2500 years ago, Heraclitus famously said that “everything flows and nothing stays fixed”. While his insight can offer some solace when dealing with the slings and arrows of outrageous fortune, scientists are usually not so easily satisfied. Is it true that nothing is fixed? And given things flow, how precisely do they flow?
After the scientific revolution headed off in the 16th century, scientists have made some significant progress in denoting what may be fixed. Newton discovered that planetary orbits adhere to the immutable laws of gravity, and captured their flow in the beautiful language of calculus that plagues high school students to this day. Einstein realized that the speed of light remains constant, even as space and time contort around it.
Beyond understanding what is fixed, scientists have also progressed in understanding how things are changing: from the climate to the stock market to the incredible complexity of 80 billion interconnected spiking neurons constituting a human brain; dynamics come in many shapes and forms and pose a formidable challenge for those trying to build models from them.
Our human psyches, being intertwined with the dynamics of the brain, and embedded in a complex world full of uncertainty, are likewise always in flux. And so, it should come as no surprise that mental illnesses can likewise feature complex dynamical patterns. Bipolar disorder serves as a prime example: it is characterized by fluctuating moods that oscillate between depressive and manic phases, and its unpredictability can be hard to grapple with for those afflicted by it.
When Johannes Kepler tried to distil the observed motions of the orbits into equations, it took him nearly a decade to formulate his renowned laws, based on the data he received from Tycho Brahe. Nevertheless, 21st-century scientists do not have to solely rely on pen and paper when figuring out equations of motion, they are supported by computers and learning algorithms. Machine learning and AI techniques have become increasingly powerful at automatically extracting patterns from diverse data. They have already found their way into many medical applications, and are promised to find their way into many more.
My research group at the Central Institute for Mental Health focuses on a subfield of AI, called dynamical systems reconstruction. We are using neural networks to extract models from the flows we observe around us. Those networks can stem from measurements of the heart or brain, or, as in the example of IMMERSE, smartphone data from the everyday life of those affected by mental health challenges.
Once we have extracted a series of models, we can use them to predict the immediate future, or we can use them to understand hidden dynamic patterns and trends, much the same as when trying to forecast short-term weather and long-term climate change.

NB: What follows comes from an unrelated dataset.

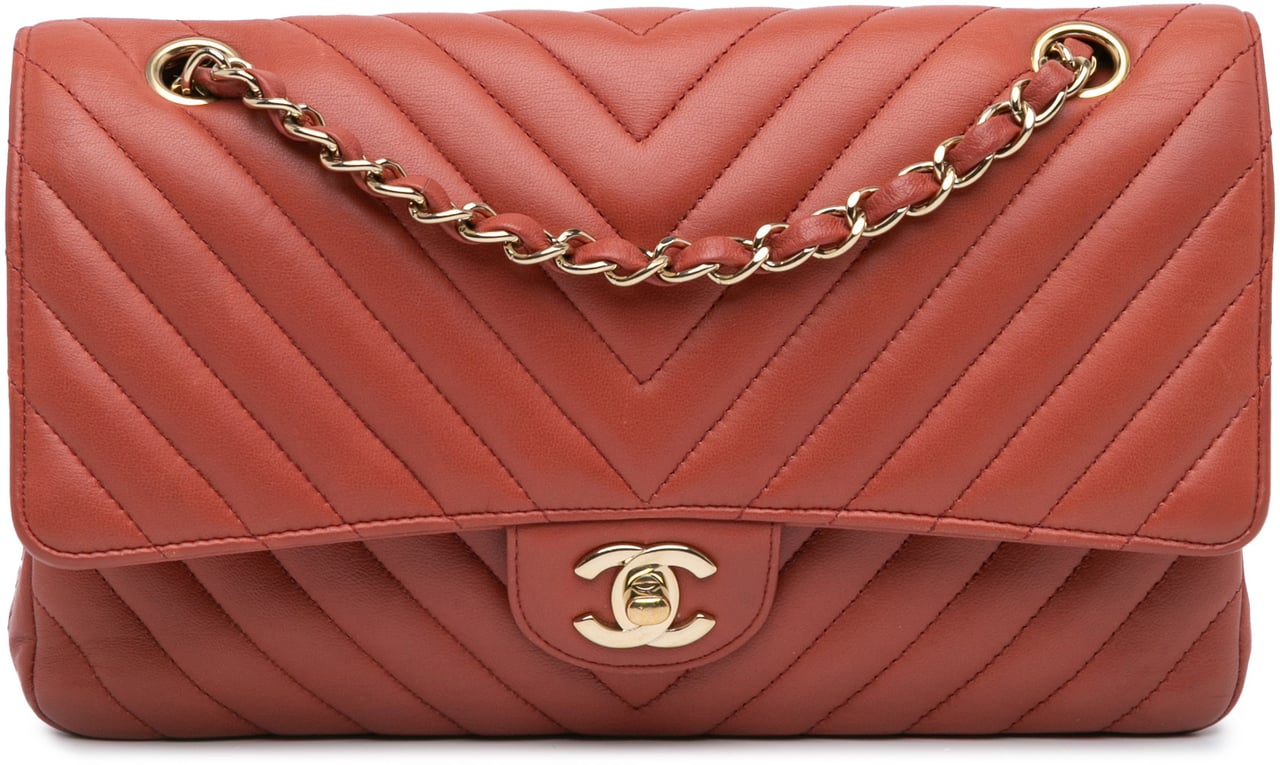 Chanel Medium Classic Chevron Lambskin Double Flap Oranje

More specifically, in my project, we are looking at integrating information across several jointly observed modalities. The data in smartphone-based studies like IMMERSE is often collected using the Experience Sampling Method (ESM), which provides subjects with questionnaires about their current mood several times each day (e.g. how happy are you on a scale from 1 to 10?). However, smartphones also have the ability to collect passive data, such as step counts, activity patterns, or GPS data, which does not rely on the time-intensive and sometimes unreliable participation in surveys by the study subjects. This passively collected data can, at the same time, look very different from the ESM ratings (such as numbers of steps taken per hour, or abstract GPS coordinates that look something like “41.40338, 2.17403”), and integrating across them requires quite some ingenuity.
As part of my project, we have developed a novel training paradigm, based on several recent advances in how to extract dynamical models. The framework, called the Multimodal Variational Autoencoder-Teacher Forcing (yes, it is a mouthful), can take several time series observed at the same time, and use them to extract a shared dynamics model.

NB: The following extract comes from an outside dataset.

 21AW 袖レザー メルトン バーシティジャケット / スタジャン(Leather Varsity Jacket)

More data usually means more expressive and powerful models, and integrating across passive and active sensor data promises a more thorough understanding of the dynamical processes underlying mental illness. Imagine, for example, an upcoming depressive episode: while individuals might exhibit reduced motivation to complete surveys, there could also be a noticeable decline in physical activity or more time spent indoors, as indicated by step or GPS data. Combining this information in a joint model can provide clinicians with early warning signs to effectively counter the onset of these episodes, leading to improved therapy.
While employing AI models in clinical settings requires care and a thorough understanding of the specific technical and ethical challenges of the field, it also promises improved person-centered care: an AI model can provide a perspective much more tailored to the individual, since it can extract complex relationships from the data unique to that individual. These relationships might be harder to see for a clinician under time pressure or based solely on the self-report of the subjects during consultation hours with little data to back it up.
Thus, the hope is that integration of these models into clinical practice and smartphone-based therapy approaches can offer clinicians an improved understanding of individual challenges, providing a synergy between the human element of therapy and the AI’s ability to discern hidden patterns from many forms of data.